• Problem statement: The data below should be transcribed in full, with no picture included.

• Dataset records:
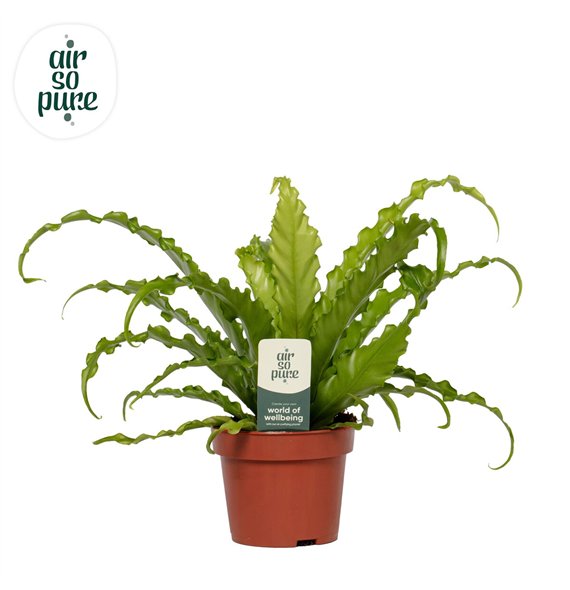 Asplenium antiquum osaka Osaka - Air So Pure 35cm 12cm Q414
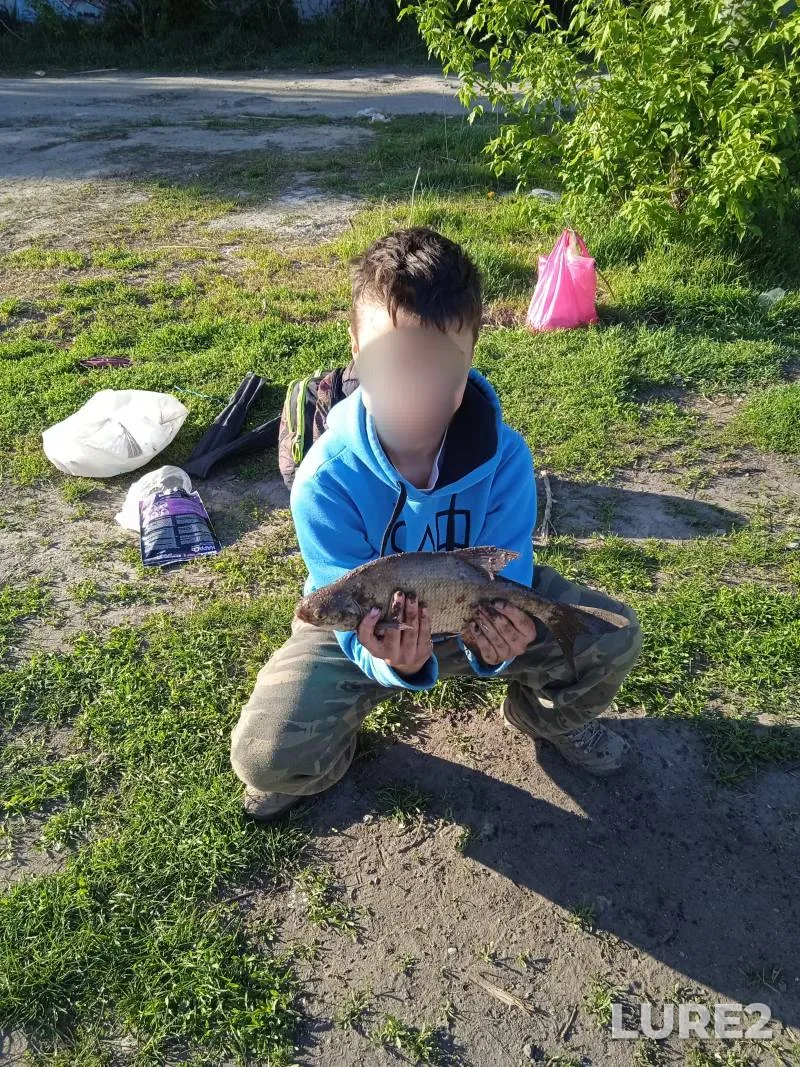 Bream, Chub — Dnepr, May 28, 2024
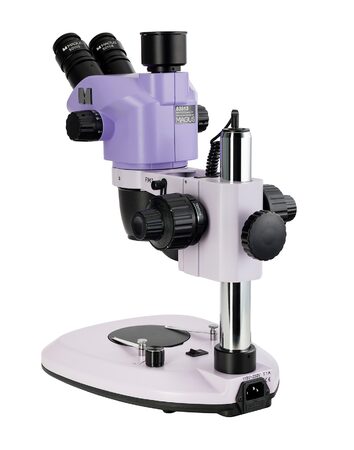 Stereomikroskop MAGUS Stereo 8T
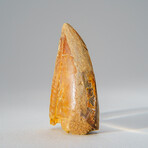 Genuine Carcharodontosaurus Tooth in Display Case // 39.3 g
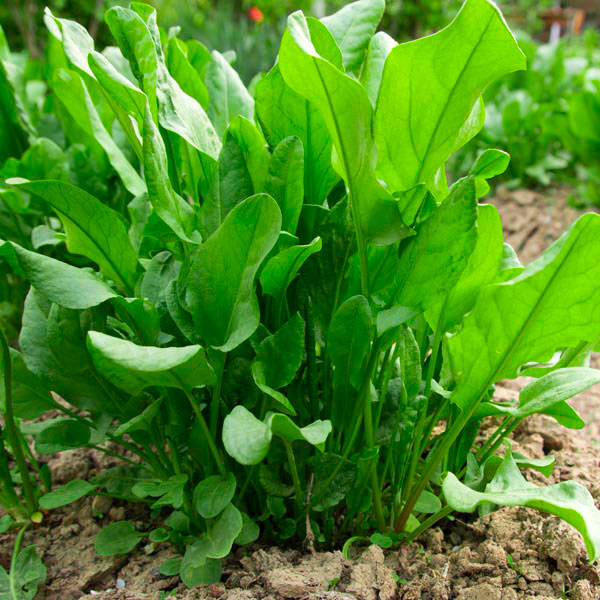 Sorrel-French – Hardy Seeds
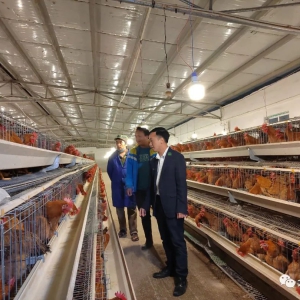 ���ܶ��ߡ����ഺ���󻯣���ҵ��չ�е��ഺ����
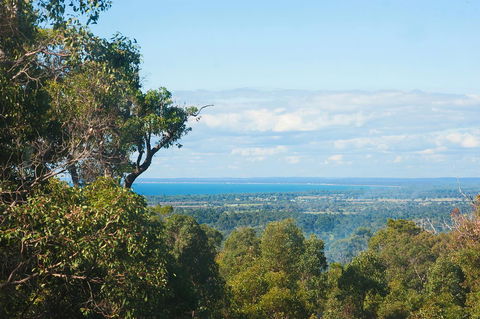 A Hidden Bush Delight - Accommodation Redcliffe 31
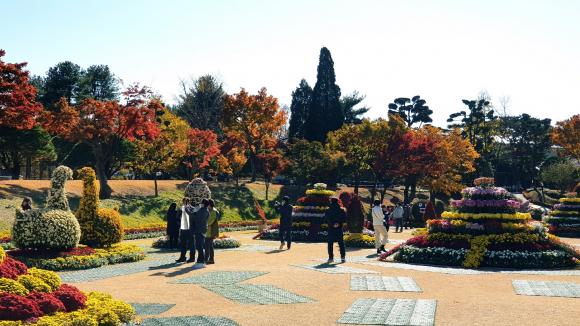 가을축제 국화 조형물 [사진 제공 청주시. 재판매 및 DB 금지]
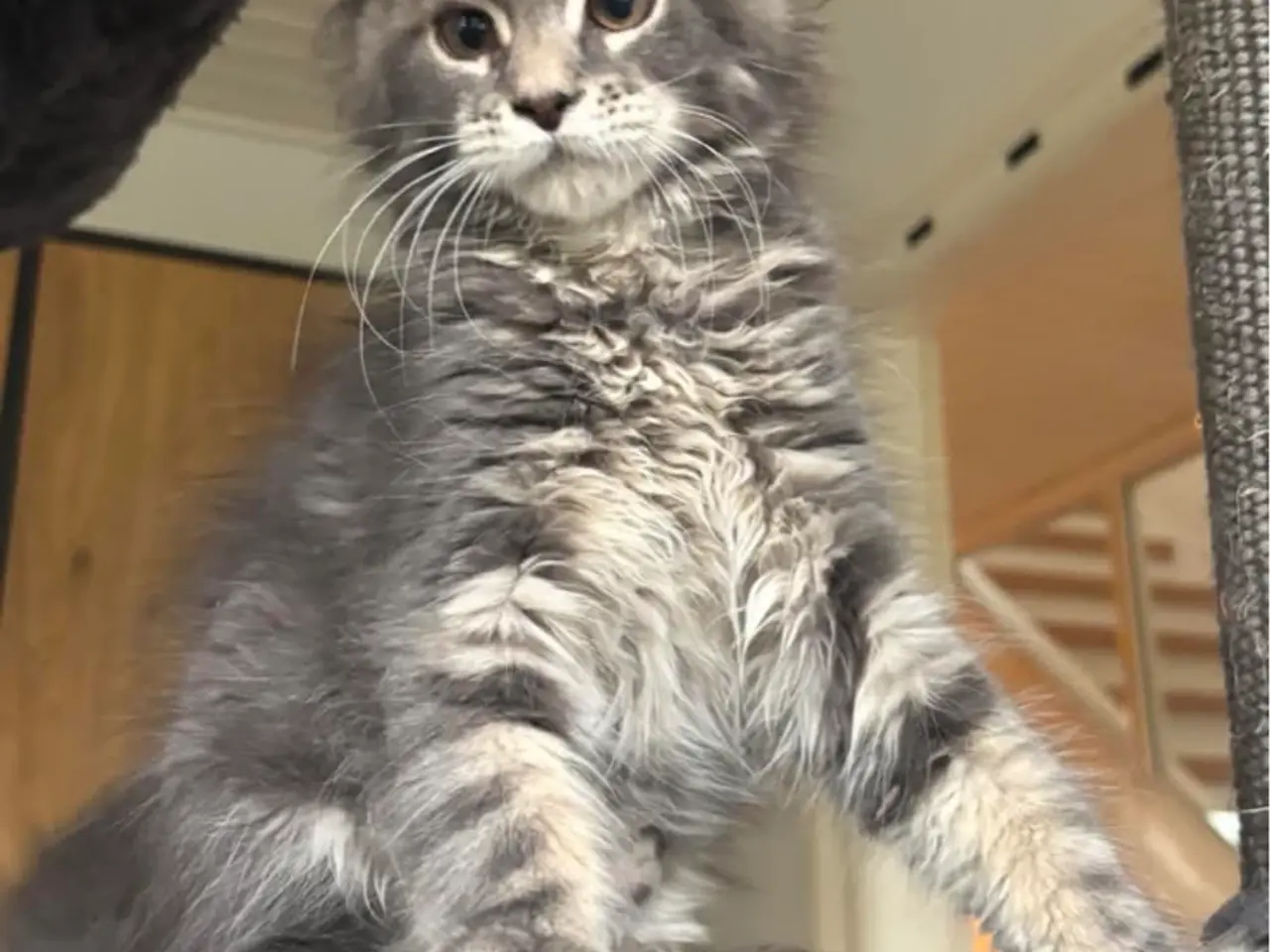 Billede 5 - 💕Maine Coon 💕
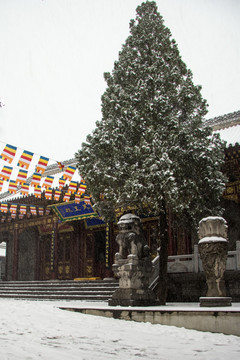 香积寺雪中天王殿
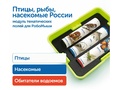 Природные богатства России с РобоМышью (с системой хранения)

• Solution for this exercise:
 Asplenium antiquum osaka Osaka - Air So Pure 35cm 12cm Q414
 Bream, Chub — Dnepr, May 28, 2024
 Stereomikroskop MAGUS Stereo 8T
 Genuine Carcharodontosaurus Tooth in Display Case // 39.3 g
 Sorrel-French – Hardy Seeds
 ���ܶ��ߡ����ഺ���󻯣���ҵ��չ�е��ഺ����
 A Hidden Bush Delight - Accommodation Redcliffe 31
 가을축제 국화 조형물 [사진 제공 청주시. 재판매 및 DB 금지]
 Billede 5 - 💕Maine Coon 💕
 香积寺雪中天王殿
 Природные богатства России с РобоМышью (с системой хранения)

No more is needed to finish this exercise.